UNITA pede investigação ao "braço direito" do Presidente
22 de setembro de 2020Segundo uma reportagem da TVI, o Governo angolano terá favorecido o chefe de gabinete do Presidente João Lourenço em contratos públicos com a empresa "EMFC – Consulting, S.A", da qual Edeltrudes Costa é proprietário. O negócio de prestação de serviços terá valido ao "braço direito" do chefe de Estado vários milhões de euros.
A denúncia está a preocupar o maior partido da oposição em Angola, a União Nacional para a Independência Total de Angola (UNITA), que pede a investigação do caso.
"Devemos fazer pressão e exigir que haja responsabilização criminal do diretor do gabinete do senhor Presidente da República", defende o deputado da UNITA Nelito Ekuikui.
Segundo o parlamentar, a luta contra a corrupção de João Lourenço pode sair "beliscada" com o caso que envolve Edeltrudes Costa. "O senhor Presidente da República nunca esteve comprometido com o combate ao nepotismo, à fuga de capitais de Angola e ao saque do erário público. Não sai apenas abalado Edeltrudes Costa, como abala toda uma estrutura do senhor Presidente da República. Em circunstâncias normais, depois da denúncia feita, nós tínhamos que ter um despacho de exoneração e encaminhar o senhor para as instâncias de Justiça", comenta Nelito Ekuikui.
Edeltrudes Costa vai "sobreviver" politicamente?
O analista David Sambongue junta-se ao coro das personalidades que pedem a exoneração do "braço direito" do Presidente, que já tinha desempenhado outras funções governativas antes de João Lourenço tomar posse em 2017.
"Acho que deve haver a responsabilização de Edeltrudes Costa através de mecanismos jurídicos e administrativos. O Presidente da República deve aplicar uma sanção administrativa, que é exonerá-lo do cargo de diretor de gabinete", arremete.
Mas o chefe de Estado é acusado de estar a abrir uma exceção na luta contra a corrupção no país, protegendo os que lhe estão mais próximos na Cidade Alta, o palácio presidencial. A DW África contactou o Executivo angolano - no entanto, não obteve qualquer resposta.
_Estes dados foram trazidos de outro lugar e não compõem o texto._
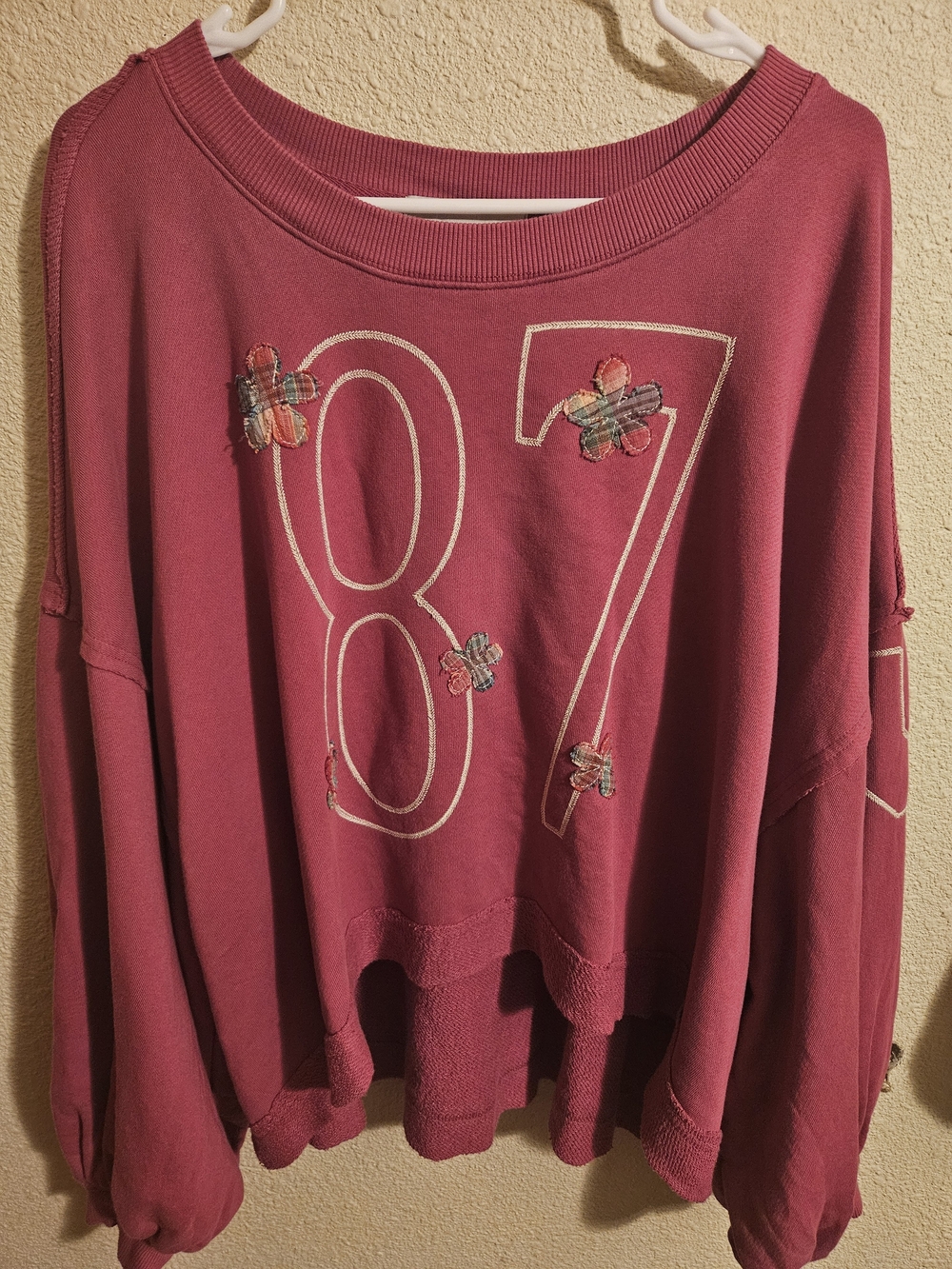 NWOT! Free People X Tricia Fix Flower Patchwork Camden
Em fevereiro deste ano, numa entrevista exclusiva à DW África, o chefe de Estado reconheceu que mudar o sistema de que ele próprio faz parte é uma tarefa difícil. "É precisamente pelo facto de eu ter assistido ao longo desses anos a esses níveis de corrupção, e por não concordar que a situação continuasse, que hoje estamos a combater aquilo que vimos ao longo de décadas", referiu na altura.
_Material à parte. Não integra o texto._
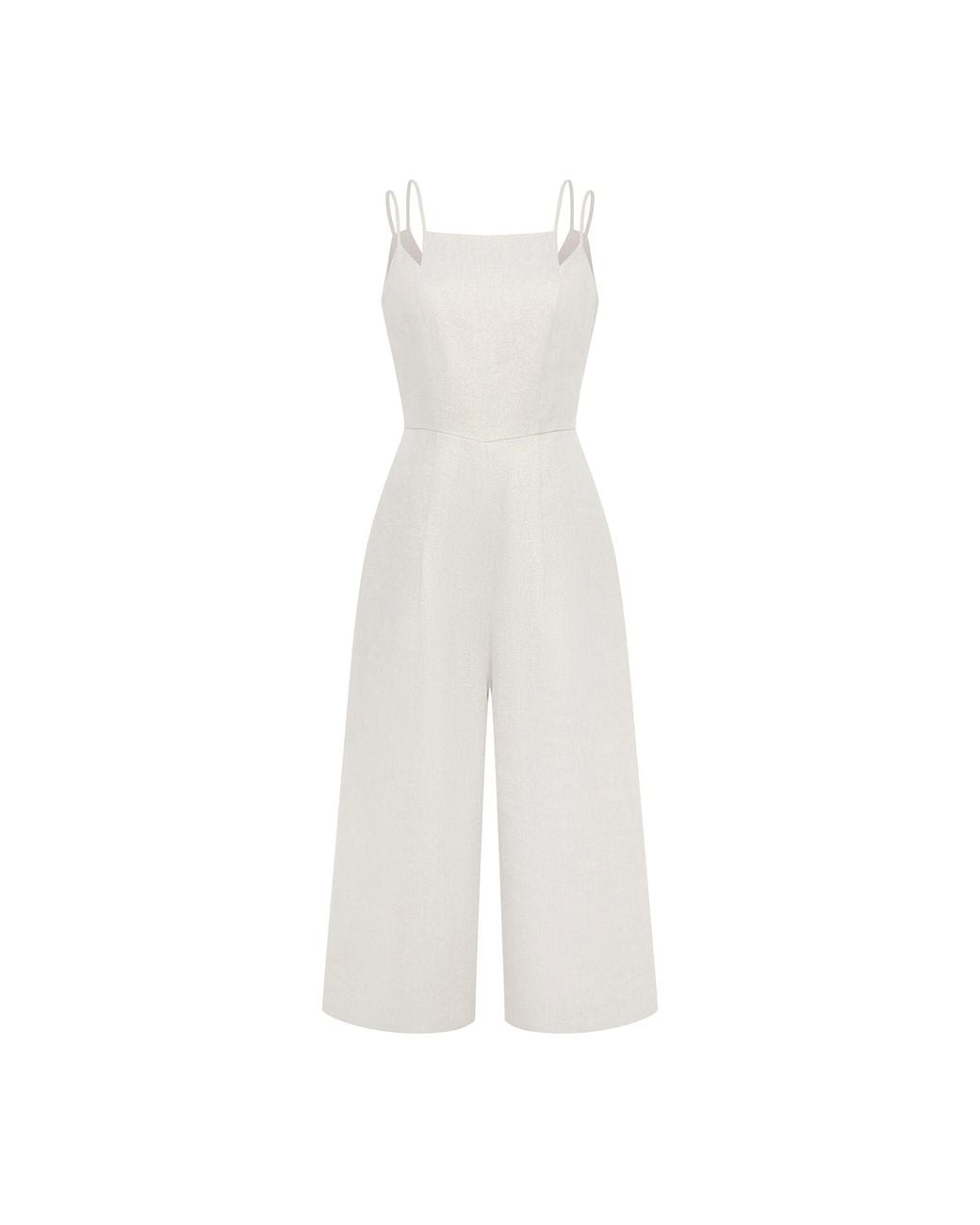 Emma Wallace White Shelly Jumpsuit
"Sabemos que é preciso muita coragem. Encontramos alguma resistência. Preferimos lutar contra ela do que nos acomodarmos e deixar que as coisas continuem como antes", acrescentou.
Corrupção entranhada no sistema
Para o analista David Sambongue, os problemas na luta contra a corrupção são sistémicos em Angola e, por isso, são necessários mais sistemas de controlo. "A nossa Constituição formal diz que o nosso Estado se prima pelo princípio da separação de poderes. Todavia, na prática, nós não temos a separação de poderes. Repare que, através do acórdão 319, foi coartado à Assembleia Nacional um dos seus direitos e prerrogativas de fiscalizar as ações do titular do poder executivo", frisa.
Por outro lado, o ativista cívico Fernando Sakwayele entende que muitos destes escândalos são criados para limpar a imagem do partido no poder, o Movimento Popular de Libertação de Angola (MPLA). "Criam-se escândalos atrás de escândalos a uma velocidade de cascata, de modo a envolver toda a sociedade na emotividade de que algo está a mudar, e, aos poucos, nós vamos tendo cada vez mais figuras de topo e em 2021, 2022, a última figura que poderá ser sacrificada será o presidente José Eduardo dos Santos", comenta.
"O sistema vai ceder os anéis e vai conservar os dedos para depois voltar a articular-se e colocar um outro anel", lamenta o ativista.